With exits becoming difficult, private equity firms have increasingly begun to invest in listed companies for better returns. The trend becomes evident if one looks at private investments in public equity (PIPE), which in the first half of calendar year 2015 crossed the $1-billion mark. This is higher than the total PIPE investments in 2013 and 2014, data from Venture Intelligence shows. For instance, if in CY14 there were 43 PIPE deals of $887 million, in the current calendar, so far, it has already touched $1.2 billion across 15 deals. (see table).

In May, for instance, Apax Partners bought a 20.4% stake in Shriram City Union Finance for $383 million. Similarly, Temasek invested $294 million for 0.83% in Sun Pharma. Since 2007, banking and financial services have mostly constituted bulk of the PIPE deals. For example, so far in CY15, banking and financial services comprise over 45% of the total PIPE investments. However, in 2012, IT and ITeS accounted for 45.5% of the PIPE investments.
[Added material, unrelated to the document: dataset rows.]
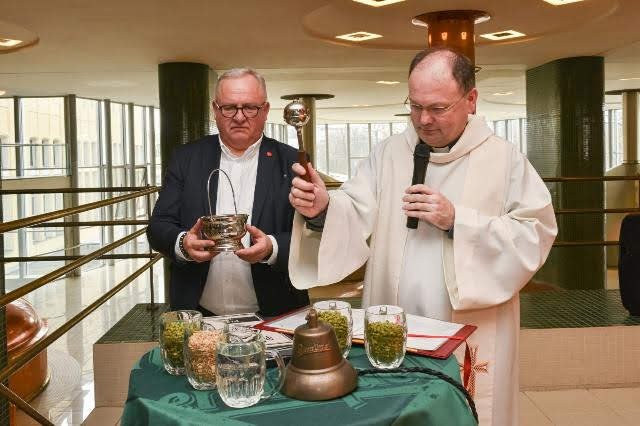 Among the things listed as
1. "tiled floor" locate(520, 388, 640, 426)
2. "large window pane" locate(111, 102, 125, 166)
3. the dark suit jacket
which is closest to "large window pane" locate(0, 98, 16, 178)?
"large window pane" locate(111, 102, 125, 166)

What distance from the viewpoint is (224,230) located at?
2248 mm

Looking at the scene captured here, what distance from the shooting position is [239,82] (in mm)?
2578

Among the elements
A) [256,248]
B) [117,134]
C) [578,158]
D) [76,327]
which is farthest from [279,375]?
[117,134]

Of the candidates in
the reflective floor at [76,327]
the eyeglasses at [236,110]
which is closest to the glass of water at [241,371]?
the eyeglasses at [236,110]

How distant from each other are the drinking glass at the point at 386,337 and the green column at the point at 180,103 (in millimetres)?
7694

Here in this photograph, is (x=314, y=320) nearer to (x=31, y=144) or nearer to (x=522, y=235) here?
(x=522, y=235)

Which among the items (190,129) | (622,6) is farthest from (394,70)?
(622,6)

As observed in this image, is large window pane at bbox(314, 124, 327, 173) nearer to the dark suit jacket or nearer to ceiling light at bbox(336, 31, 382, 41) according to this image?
ceiling light at bbox(336, 31, 382, 41)

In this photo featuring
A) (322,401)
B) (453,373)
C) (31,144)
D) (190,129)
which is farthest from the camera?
(31,144)

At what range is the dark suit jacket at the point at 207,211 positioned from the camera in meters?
2.66

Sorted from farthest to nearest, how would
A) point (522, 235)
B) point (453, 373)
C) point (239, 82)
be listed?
1. point (239, 82)
2. point (522, 235)
3. point (453, 373)

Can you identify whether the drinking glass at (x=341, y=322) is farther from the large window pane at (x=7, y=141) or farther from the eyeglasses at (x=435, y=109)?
the large window pane at (x=7, y=141)

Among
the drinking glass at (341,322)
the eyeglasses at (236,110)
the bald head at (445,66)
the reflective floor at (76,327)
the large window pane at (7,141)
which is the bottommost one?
the reflective floor at (76,327)

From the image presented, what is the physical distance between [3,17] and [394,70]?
5905 millimetres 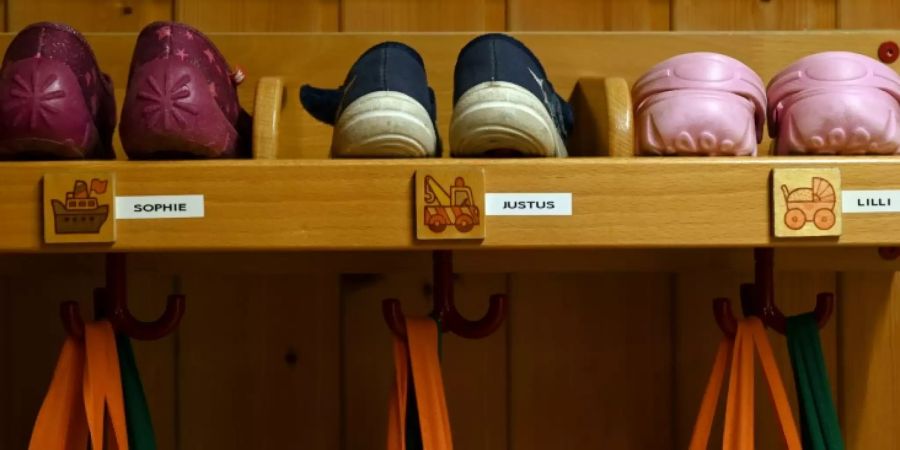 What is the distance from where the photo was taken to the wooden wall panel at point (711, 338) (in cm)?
97

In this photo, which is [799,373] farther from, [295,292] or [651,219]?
[295,292]

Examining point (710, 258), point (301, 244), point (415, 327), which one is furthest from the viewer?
point (710, 258)

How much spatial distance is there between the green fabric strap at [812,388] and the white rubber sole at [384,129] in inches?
14.1

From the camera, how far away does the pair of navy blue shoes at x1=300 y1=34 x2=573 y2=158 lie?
0.64m

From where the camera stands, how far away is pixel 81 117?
648 mm

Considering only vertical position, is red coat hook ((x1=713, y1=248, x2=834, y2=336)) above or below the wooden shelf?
below

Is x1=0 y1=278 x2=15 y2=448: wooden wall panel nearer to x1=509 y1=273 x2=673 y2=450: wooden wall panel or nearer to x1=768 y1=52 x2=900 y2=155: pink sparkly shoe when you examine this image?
x1=509 y1=273 x2=673 y2=450: wooden wall panel

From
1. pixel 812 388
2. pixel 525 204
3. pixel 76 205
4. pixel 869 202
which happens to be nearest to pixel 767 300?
pixel 812 388

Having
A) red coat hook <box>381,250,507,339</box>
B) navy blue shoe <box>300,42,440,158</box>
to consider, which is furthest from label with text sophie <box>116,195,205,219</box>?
red coat hook <box>381,250,507,339</box>

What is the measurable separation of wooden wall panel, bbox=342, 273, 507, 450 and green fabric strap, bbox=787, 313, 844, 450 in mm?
312

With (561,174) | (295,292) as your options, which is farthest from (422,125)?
(295,292)

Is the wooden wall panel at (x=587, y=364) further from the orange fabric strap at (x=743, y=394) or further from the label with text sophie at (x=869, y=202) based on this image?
the label with text sophie at (x=869, y=202)

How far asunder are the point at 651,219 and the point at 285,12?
545 millimetres

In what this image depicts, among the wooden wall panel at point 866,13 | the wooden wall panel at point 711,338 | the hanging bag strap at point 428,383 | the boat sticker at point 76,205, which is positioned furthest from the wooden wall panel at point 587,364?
the boat sticker at point 76,205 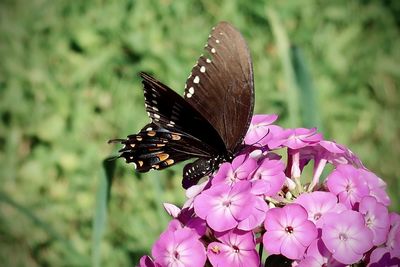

“Private equity firms have realised that exits are difficult,” says Raja Lahiri, partner at EY India. In fact, between 2000-2013, PE firms have invested $94 billion, but have exited 19.5%, or $18.3 billion, of this investment at 1.7 times or a value of $30.3 billion, according to the Mckinsey data.

If PE exits so far in CY15 has outpaced total PE exits in CY14 — the total value of PE exits in 2014 was $3.7 billion against $4.7 billion so far in CY15 — it is more because of the overhang factor.

Gr5

That PE exits have been difficult and returns not really attractive is quite evident if one looks at the numbers. PE firms had invested $14.65 billion in India in 2007 — the highest quantum of PE investment made into the country in a single year ever.

Yet, they have exited less than 26% of the $14.65 billion invested in the year, according to Venture Intelligence data.
In other words, PE investments of $11 billion is yet to be realised and returned to investors.

Further, in CY2007, the average exchange rate of the Indian rupee (INR) against the US dollar (USD) stood at Rs 41.33 versus the average of R62.59 in 2015 — an average depreciation of 34% of the rupee against the dollar. This has led to a value erosion on currency basis of $3.67 billion for PE investments in just one single year in 2007.

However, with stock markets indicating some signs of revival, PEs have managed to sell stock worth $1.4 billion across 56 deals in the six months to June 2015 compared with $2.7 billion across 109 deals in 2014.